Provided data START
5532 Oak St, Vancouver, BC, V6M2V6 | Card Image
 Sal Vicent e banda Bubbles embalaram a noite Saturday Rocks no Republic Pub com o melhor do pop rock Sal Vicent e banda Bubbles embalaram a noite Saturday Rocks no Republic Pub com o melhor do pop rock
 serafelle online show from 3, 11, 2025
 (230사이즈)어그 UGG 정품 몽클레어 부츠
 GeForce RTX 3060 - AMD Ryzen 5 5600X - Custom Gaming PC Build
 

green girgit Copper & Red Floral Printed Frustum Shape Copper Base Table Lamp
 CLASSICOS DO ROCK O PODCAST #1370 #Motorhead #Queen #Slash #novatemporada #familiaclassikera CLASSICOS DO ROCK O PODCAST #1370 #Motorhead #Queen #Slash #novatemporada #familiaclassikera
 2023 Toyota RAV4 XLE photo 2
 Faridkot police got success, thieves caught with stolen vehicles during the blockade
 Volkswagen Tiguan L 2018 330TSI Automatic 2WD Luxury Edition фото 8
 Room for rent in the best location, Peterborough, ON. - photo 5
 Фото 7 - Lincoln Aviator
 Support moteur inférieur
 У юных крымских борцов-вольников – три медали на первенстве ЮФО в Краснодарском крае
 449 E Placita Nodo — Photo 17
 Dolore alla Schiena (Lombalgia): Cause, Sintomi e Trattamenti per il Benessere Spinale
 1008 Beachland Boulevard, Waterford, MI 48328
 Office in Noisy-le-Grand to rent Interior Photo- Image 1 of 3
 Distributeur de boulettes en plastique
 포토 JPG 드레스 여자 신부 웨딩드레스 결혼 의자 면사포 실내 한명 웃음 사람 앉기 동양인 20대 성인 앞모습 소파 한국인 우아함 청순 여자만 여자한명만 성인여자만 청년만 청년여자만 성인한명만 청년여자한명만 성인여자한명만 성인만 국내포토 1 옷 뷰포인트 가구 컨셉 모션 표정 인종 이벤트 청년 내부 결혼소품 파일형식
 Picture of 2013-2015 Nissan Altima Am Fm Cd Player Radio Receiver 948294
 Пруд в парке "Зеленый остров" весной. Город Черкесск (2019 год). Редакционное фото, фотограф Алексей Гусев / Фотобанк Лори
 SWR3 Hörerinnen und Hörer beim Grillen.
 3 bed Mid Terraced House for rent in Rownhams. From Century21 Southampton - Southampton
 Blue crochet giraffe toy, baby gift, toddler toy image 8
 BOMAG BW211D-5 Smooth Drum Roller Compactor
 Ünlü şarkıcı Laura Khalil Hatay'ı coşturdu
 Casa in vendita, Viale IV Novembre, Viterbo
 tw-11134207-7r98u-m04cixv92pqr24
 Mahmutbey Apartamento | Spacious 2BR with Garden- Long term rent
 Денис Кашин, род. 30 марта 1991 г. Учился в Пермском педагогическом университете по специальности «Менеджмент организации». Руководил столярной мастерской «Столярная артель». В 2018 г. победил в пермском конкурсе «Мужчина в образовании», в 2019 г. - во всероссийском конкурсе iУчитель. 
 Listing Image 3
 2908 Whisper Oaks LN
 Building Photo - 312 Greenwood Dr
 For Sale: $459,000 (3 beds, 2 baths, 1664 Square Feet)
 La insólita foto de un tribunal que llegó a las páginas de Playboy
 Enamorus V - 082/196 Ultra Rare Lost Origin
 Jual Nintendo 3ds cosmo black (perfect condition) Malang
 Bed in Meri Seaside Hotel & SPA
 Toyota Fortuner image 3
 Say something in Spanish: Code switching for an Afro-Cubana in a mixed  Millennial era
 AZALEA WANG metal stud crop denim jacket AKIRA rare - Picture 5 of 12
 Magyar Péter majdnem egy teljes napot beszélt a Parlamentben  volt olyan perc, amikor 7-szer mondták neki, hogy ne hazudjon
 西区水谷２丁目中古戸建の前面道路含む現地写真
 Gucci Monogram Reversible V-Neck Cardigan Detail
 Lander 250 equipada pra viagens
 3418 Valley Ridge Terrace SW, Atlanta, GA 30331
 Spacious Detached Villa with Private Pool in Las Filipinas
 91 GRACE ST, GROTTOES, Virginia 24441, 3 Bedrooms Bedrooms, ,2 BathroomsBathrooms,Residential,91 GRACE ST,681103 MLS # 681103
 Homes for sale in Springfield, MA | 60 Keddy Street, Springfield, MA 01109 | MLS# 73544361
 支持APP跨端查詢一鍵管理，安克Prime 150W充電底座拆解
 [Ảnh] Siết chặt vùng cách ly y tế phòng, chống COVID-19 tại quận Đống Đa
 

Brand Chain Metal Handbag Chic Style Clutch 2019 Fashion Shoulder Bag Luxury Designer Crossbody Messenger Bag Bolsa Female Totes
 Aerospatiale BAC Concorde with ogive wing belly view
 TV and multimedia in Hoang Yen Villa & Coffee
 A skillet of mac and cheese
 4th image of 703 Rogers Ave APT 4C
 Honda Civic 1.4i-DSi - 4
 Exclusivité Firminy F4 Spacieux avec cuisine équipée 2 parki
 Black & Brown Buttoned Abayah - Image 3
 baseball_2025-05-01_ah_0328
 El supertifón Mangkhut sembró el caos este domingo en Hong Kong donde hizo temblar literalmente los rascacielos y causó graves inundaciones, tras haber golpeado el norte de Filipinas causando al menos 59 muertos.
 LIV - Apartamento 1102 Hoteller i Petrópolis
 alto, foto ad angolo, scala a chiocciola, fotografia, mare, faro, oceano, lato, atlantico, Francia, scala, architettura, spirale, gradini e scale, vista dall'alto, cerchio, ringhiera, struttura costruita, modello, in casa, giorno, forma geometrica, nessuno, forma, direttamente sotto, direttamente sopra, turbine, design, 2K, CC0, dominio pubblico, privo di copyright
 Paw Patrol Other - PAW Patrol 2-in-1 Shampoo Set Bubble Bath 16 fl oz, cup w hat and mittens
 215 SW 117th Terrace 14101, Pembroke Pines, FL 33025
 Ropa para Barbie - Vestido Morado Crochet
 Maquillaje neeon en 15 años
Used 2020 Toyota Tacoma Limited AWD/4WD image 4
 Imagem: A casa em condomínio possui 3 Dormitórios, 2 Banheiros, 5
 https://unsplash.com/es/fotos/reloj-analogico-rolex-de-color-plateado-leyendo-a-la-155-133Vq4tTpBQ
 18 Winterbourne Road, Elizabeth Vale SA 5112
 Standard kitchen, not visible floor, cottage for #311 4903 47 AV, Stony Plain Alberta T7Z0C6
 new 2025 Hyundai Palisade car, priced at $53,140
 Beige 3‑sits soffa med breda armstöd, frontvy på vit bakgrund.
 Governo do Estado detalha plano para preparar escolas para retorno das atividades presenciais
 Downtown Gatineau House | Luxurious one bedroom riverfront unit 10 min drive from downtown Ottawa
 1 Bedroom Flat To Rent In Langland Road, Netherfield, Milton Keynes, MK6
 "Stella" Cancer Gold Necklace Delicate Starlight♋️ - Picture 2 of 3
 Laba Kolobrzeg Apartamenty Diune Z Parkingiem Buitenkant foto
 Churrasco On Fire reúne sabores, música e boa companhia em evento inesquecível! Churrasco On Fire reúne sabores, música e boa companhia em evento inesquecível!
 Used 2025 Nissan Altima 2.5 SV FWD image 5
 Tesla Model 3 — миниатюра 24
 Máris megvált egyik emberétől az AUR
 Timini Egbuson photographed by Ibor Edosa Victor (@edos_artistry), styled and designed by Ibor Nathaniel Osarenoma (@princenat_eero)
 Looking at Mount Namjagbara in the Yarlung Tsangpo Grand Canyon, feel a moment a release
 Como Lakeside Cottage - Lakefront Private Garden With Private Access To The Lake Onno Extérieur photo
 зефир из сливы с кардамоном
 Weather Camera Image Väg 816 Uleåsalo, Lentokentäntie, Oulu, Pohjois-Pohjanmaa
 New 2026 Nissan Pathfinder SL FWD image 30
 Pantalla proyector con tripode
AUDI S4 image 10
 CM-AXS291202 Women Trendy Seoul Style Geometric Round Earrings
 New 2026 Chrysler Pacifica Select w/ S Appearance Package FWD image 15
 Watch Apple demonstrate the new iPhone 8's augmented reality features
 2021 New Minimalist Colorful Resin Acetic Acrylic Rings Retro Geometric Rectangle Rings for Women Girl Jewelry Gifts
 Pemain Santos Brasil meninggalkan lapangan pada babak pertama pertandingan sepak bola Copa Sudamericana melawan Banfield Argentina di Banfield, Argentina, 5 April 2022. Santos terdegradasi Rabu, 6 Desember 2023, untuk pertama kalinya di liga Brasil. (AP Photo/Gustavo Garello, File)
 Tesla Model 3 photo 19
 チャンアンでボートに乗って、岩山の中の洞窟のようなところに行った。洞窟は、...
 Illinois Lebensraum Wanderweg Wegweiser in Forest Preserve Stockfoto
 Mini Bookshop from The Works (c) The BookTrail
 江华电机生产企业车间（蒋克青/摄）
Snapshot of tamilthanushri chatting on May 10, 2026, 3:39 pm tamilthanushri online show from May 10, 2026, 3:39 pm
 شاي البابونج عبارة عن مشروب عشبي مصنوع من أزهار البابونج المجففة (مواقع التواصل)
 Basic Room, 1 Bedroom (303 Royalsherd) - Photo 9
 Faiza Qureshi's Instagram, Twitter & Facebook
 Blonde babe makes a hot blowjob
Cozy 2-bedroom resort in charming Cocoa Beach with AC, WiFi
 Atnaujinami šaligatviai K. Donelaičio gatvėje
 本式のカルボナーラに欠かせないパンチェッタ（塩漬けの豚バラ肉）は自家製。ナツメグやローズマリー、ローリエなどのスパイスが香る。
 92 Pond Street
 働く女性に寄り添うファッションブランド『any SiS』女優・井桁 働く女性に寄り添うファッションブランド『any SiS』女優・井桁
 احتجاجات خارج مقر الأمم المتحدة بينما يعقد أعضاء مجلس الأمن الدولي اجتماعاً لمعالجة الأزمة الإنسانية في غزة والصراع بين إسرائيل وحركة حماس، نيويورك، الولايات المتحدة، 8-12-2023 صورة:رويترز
Provided data END
Task statement: What are the lines, exactly as written above, from the line with "[Ảnh] Siết chặt" to the line with "A skillet of mac and cheese", both included? Output only those.

Problem solution:
 [Ảnh] Siết chặt vùng cách ly y tế phòng, chống COVID-19 tại quận Đống Đa
 

Brand Chain Metal Handbag Chic Style Clutch 2019 Fashion Shoulder Bag Luxury Designer Crossbody Messenger Bag Bolsa Female Totes
 Aerospatiale BAC Concorde with ogive wing belly view
 TV and multimedia in Hoang Yen Villa & Coffee
 A skillet of mac and cheese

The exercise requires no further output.